→ **Task statement**: The records below need to be repeated exactly, though not their pictures.

→ **Working data**:
►

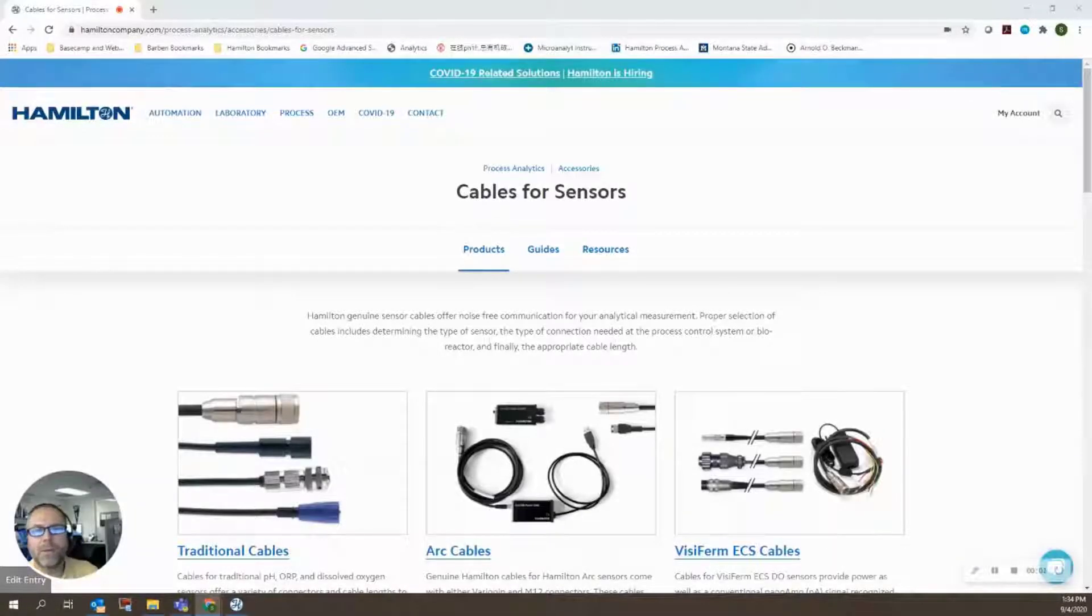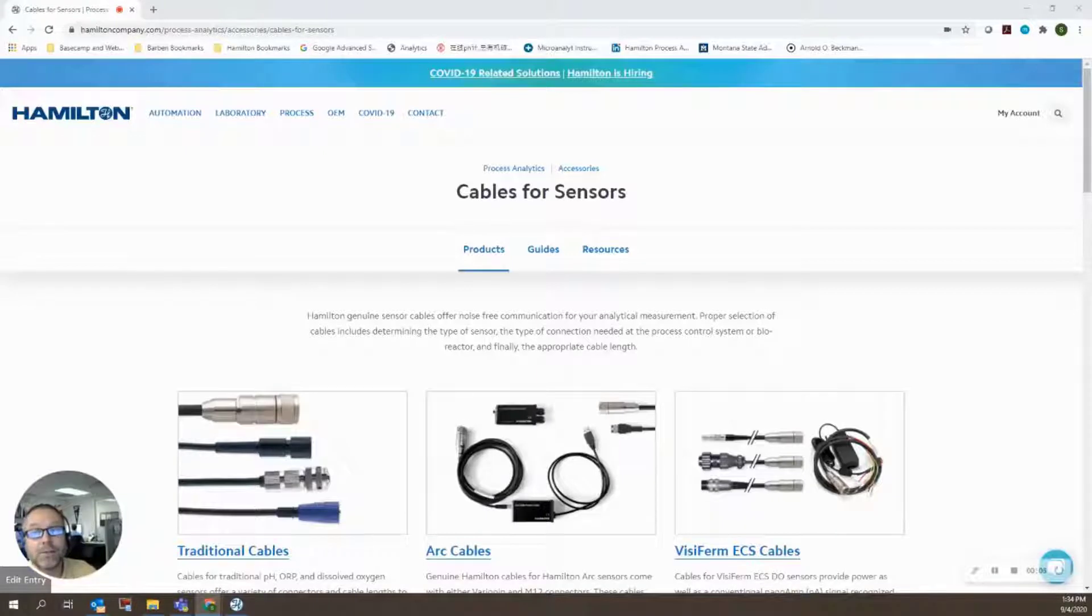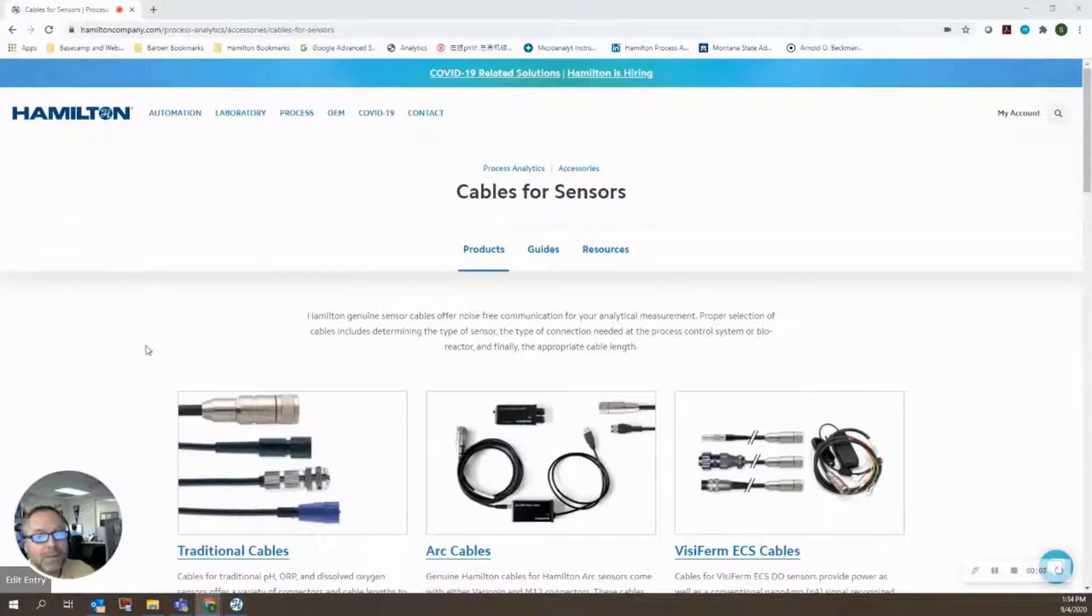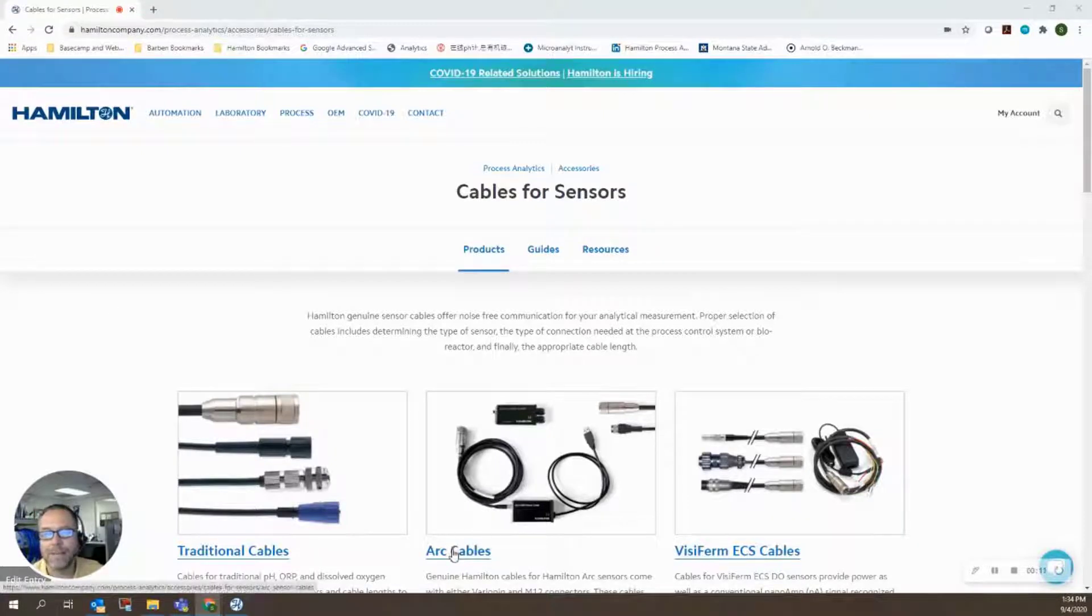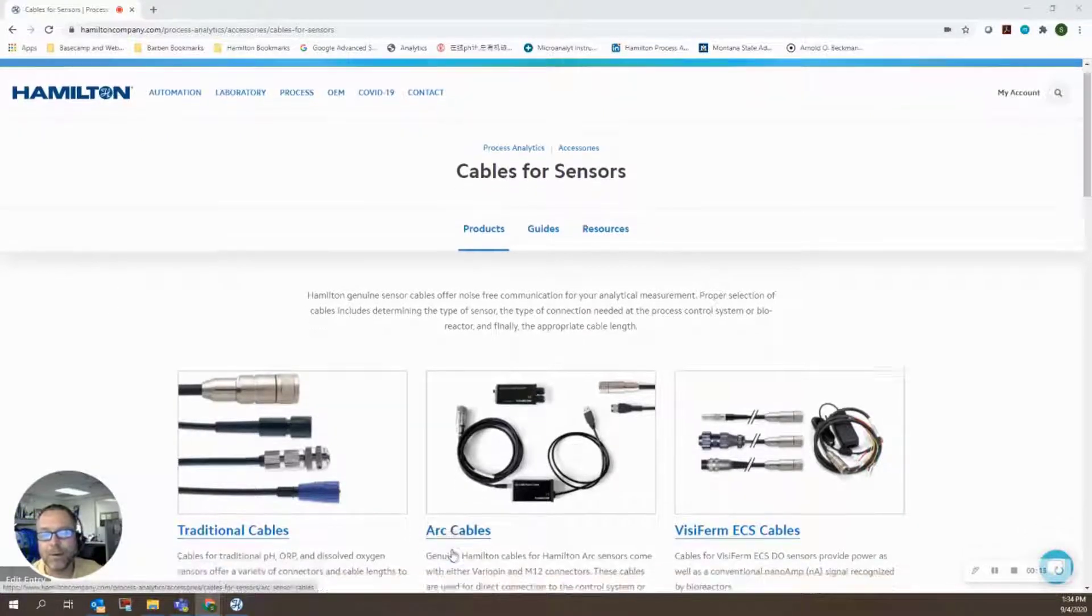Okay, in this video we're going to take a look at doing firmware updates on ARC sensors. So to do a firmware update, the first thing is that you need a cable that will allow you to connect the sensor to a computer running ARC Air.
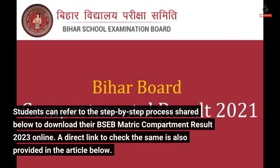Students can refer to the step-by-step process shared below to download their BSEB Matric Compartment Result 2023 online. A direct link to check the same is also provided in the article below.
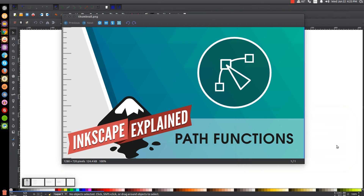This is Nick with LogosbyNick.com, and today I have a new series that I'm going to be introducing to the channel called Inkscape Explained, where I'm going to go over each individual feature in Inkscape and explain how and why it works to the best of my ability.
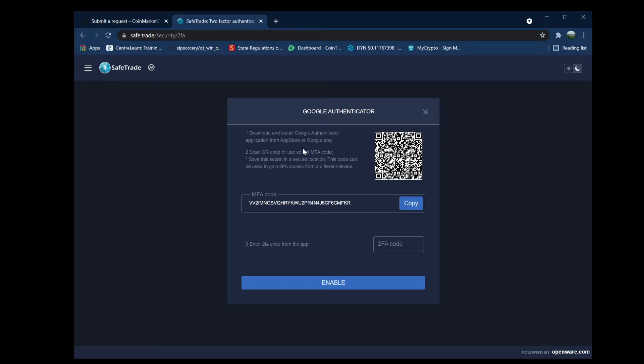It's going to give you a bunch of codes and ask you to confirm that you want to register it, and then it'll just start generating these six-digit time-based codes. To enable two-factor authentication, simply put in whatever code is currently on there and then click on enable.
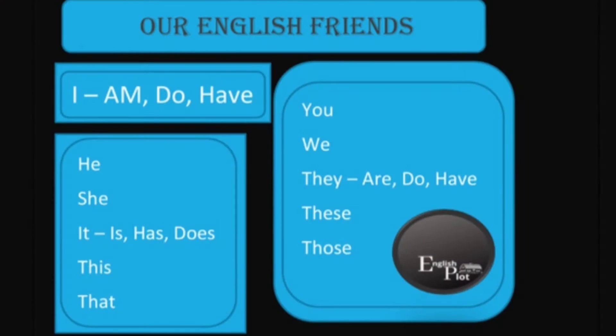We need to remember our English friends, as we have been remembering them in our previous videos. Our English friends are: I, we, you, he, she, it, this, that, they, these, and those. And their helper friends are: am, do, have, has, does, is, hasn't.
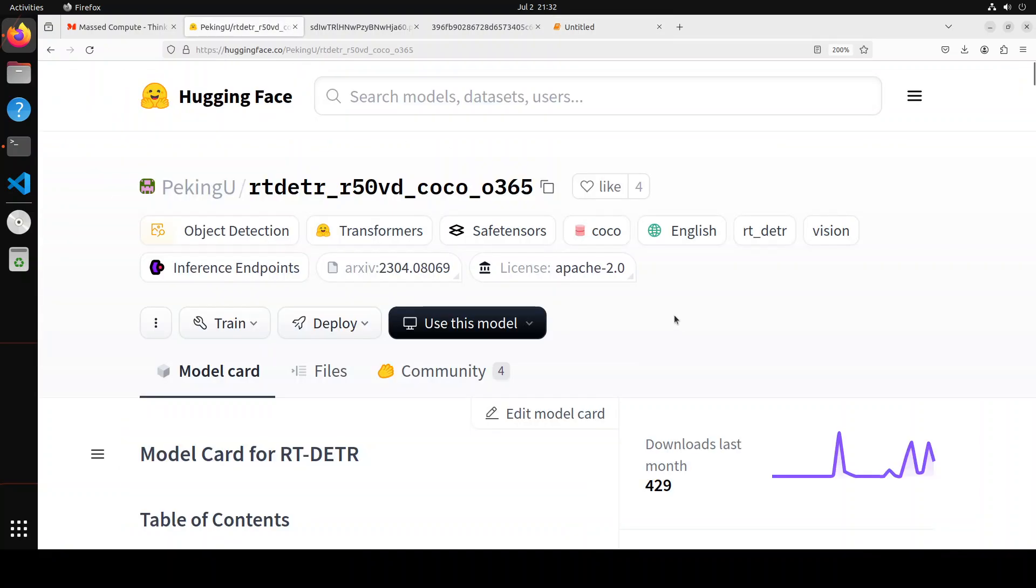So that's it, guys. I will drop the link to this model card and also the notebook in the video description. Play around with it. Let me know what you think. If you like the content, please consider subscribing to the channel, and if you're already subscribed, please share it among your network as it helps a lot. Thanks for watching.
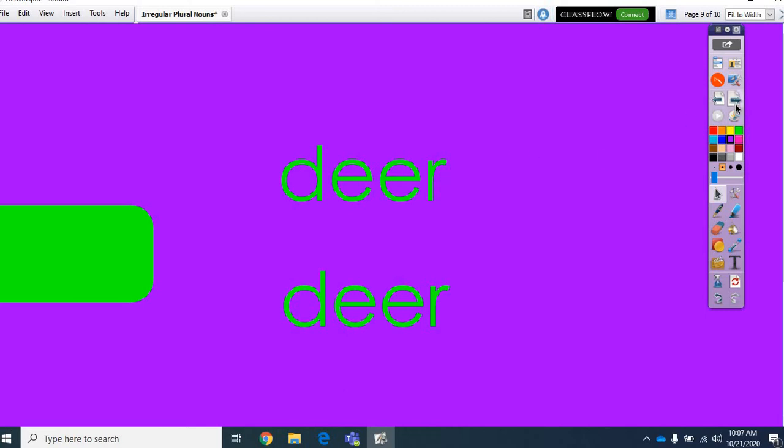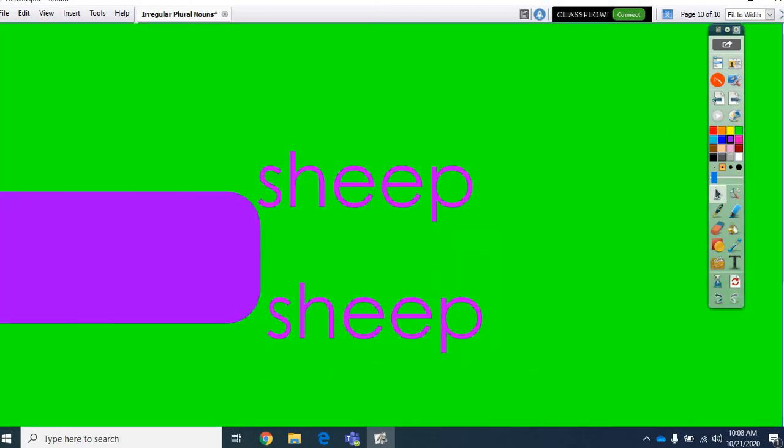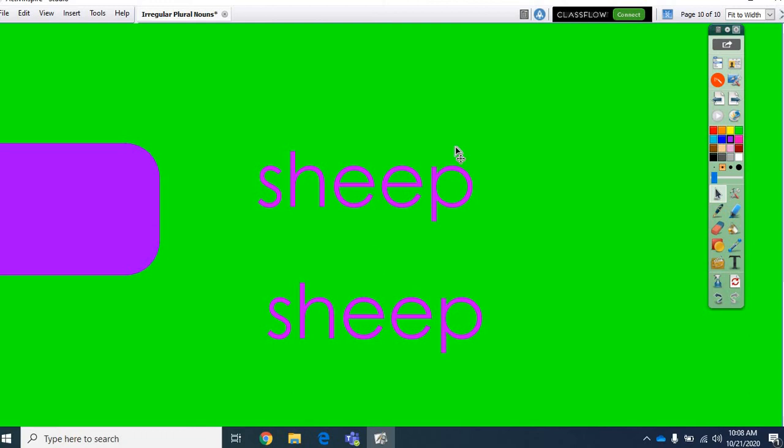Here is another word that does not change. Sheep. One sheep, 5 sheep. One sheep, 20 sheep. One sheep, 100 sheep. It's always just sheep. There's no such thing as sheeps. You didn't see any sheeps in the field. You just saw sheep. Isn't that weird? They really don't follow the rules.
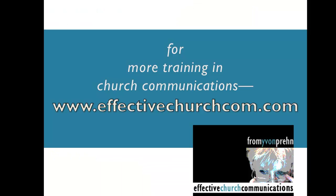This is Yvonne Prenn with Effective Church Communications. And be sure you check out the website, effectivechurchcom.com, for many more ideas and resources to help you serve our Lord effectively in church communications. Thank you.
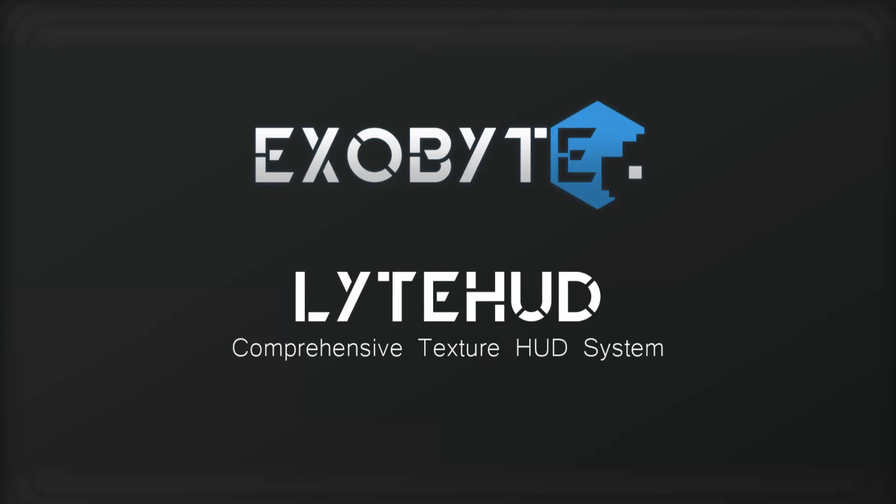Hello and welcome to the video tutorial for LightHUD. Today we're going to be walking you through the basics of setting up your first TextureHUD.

◄

→ **Response for this exercise**:
Okay, in this video we're going to take a look at doing firmware updates on ARC sensors. So to do a firmware update, the first thing is that you need a cable that will allow you to connect the sensor to a computer running ARC Air.
Students can refer to the step-by-step process shared below to download their BSEB Matric Compartment Result 2023 online. A direct link to check the same is also provided in the article below.
This is Nick with LogosbyNick.com, and today I have a new series that I'm going to be introducing to the channel called Inkscape Explained, where I'm going to go over each individual feature in Inkscape and explain how and why it works to the best of my ability.
It's going to give you a bunch of codes and ask you to confirm that you want to register it, and then it'll just start generating these six-digit time-based codes. To enable two-factor authentication, simply put in whatever code is currently on there and then click on enable.
We need to remember our English friends, as we have been remembering them in our previous videos. Our English friends are: I, we, you, he, she, it, this, that, they, these, and those. And their helper friends are: am, do, have, has, does, is, hasn't.
So that's it, guys. I will drop the link to this model card and also the notebook in the video description. Play around with it. Let me know what you think. If you like the content, please consider subscribing to the channel, and if you're already subscribed, please share it among your network as it helps a lot. Thanks for watching.
Here is another word that does not change. Sheep. One sheep, 5 sheep. One sheep, 20 sheep. One sheep, 100 sheep. It's always just sheep. There's no such thing as sheeps. You didn't see any sheeps in the field. You just saw sheep. Isn't that weird? They really don't follow the rules.
This is Yvonne Prenn with Effective Church Communications. And be sure you check out the website, effectivechurchcom.com, for many more ideas and resources to help you serve our Lord effectively in church communications. Thank you.
Hello and welcome to the video tutorial for LightHUD. Today we're going to be walking you through the basics of setting up your first TextureHUD.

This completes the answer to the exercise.